Love it very beautiful area, i love greenery, and love your video


----------



## mtbxplorer (Dec 25, 2009)

Great ride yesterday at Millstone trails in Barre, VT...70 miles of trails wind through old quarries and the woods around them (millstonetrails.com),,, and I had them all to myself for a couple hours.

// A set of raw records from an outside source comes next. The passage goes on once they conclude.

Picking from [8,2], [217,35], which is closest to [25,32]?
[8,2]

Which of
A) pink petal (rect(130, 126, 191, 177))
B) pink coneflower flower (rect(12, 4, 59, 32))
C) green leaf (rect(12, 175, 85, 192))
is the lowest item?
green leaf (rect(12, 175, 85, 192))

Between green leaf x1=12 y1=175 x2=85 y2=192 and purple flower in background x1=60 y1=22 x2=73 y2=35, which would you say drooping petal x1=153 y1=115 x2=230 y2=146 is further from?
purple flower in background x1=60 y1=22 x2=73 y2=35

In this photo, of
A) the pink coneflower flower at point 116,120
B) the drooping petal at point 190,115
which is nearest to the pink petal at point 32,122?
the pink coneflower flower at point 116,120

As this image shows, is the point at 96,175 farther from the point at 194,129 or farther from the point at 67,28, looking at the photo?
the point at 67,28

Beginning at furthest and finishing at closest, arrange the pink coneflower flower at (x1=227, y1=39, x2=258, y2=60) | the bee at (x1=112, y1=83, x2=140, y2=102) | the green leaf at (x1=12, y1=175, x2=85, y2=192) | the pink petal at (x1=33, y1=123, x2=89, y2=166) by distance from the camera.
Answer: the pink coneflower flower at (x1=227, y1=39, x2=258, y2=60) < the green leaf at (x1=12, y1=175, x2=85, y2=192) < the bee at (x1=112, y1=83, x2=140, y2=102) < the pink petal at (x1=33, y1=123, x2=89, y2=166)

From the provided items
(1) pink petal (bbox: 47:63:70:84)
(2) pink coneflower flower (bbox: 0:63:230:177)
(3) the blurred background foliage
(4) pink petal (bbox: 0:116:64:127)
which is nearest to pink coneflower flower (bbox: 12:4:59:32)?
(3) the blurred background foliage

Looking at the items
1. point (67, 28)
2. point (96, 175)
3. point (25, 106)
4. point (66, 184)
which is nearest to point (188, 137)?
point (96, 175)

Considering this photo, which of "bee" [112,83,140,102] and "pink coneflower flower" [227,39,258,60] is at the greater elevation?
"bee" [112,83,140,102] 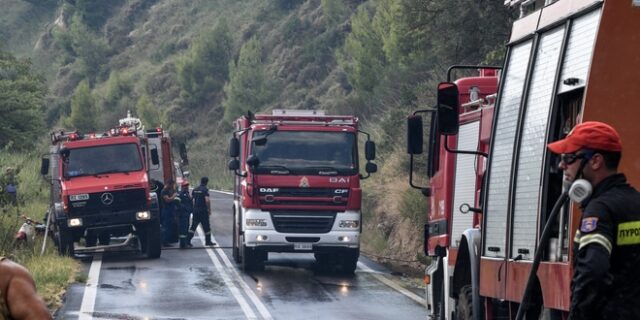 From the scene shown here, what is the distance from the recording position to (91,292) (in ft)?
59.3

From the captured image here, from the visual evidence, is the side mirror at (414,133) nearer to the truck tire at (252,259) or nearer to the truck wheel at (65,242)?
the truck tire at (252,259)

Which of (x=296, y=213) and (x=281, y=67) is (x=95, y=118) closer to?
(x=281, y=67)

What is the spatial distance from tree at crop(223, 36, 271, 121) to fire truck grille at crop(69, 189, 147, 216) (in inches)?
1871

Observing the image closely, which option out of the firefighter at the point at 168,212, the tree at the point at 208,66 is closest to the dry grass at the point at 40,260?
the firefighter at the point at 168,212

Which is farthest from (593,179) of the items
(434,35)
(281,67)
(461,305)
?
(281,67)

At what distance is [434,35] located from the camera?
92.5 ft

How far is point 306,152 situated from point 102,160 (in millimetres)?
5801

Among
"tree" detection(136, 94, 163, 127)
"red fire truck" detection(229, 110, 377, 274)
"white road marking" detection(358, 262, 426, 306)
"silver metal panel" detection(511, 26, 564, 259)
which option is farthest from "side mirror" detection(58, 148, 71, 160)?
"tree" detection(136, 94, 163, 127)

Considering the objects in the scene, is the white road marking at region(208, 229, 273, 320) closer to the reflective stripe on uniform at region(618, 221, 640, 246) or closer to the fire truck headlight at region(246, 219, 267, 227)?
the fire truck headlight at region(246, 219, 267, 227)

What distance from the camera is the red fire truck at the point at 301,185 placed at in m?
20.6

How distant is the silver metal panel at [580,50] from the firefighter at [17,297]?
10.5 feet

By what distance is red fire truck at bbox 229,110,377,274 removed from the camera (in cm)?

This quarry dropped a dizzying 100' straight down to the water.


----------



## supermoto (Jan 26, 2004)

Sedona, yesterday; We never get tired of it.


----------



## Plauscha (Jul 24, 2009)

*Keeping this thread going*

Great week for riding in Colorado Springs..
Some pics of my ride at Captain Jacks. (i ride alone so no action shots)


----------



## spainsoccerfreak (Feb 4, 2009)

ok so many rides wish I can ride something like that soon .
Alaska so amazing no words for that 
Orbea bike r3 my dream bike if I could only sell my husband to get one I would lol will most likely only be able to get gt force 3.0 ouch but hey maybe someday great rides girls I will post some of mine after the weekend snake ahhhhhhhh scary


----------



## tscheezy (Dec 19, 2003)

More fatpinkbike content if you dig that sort of thing:


----------



## FrdSHOx3 (Sep 10, 2009)

Cool vid.


----------



## supermoto (Jan 26, 2004)

fantastic photos!


----------



## mtbxplorer (Dec 25, 2009)

Nice tscheezy! :thumbsup:


----------



## tscheezy (Dec 19, 2003)

We spent this weekend up in Anchorage. The trails up there are a blast.


----------



## gmats (Apr 15, 2005)

Aloha Tcheez, 

As usual, great pics and videos. Thanks for posting. 

g


----------



## mtbxplorer (Dec 25, 2009)

That looks so fun and beautiful - nice job on the video. Alas, how long can we resist the fatbike??? Though that looked like the trails were pretty well packed (regular MTB-able?) & the weather looked relatively mild based on the clothes.


----------



## Lucyvet (Feb 18, 2011)

I love all the photos and videos here, beautiful!


----------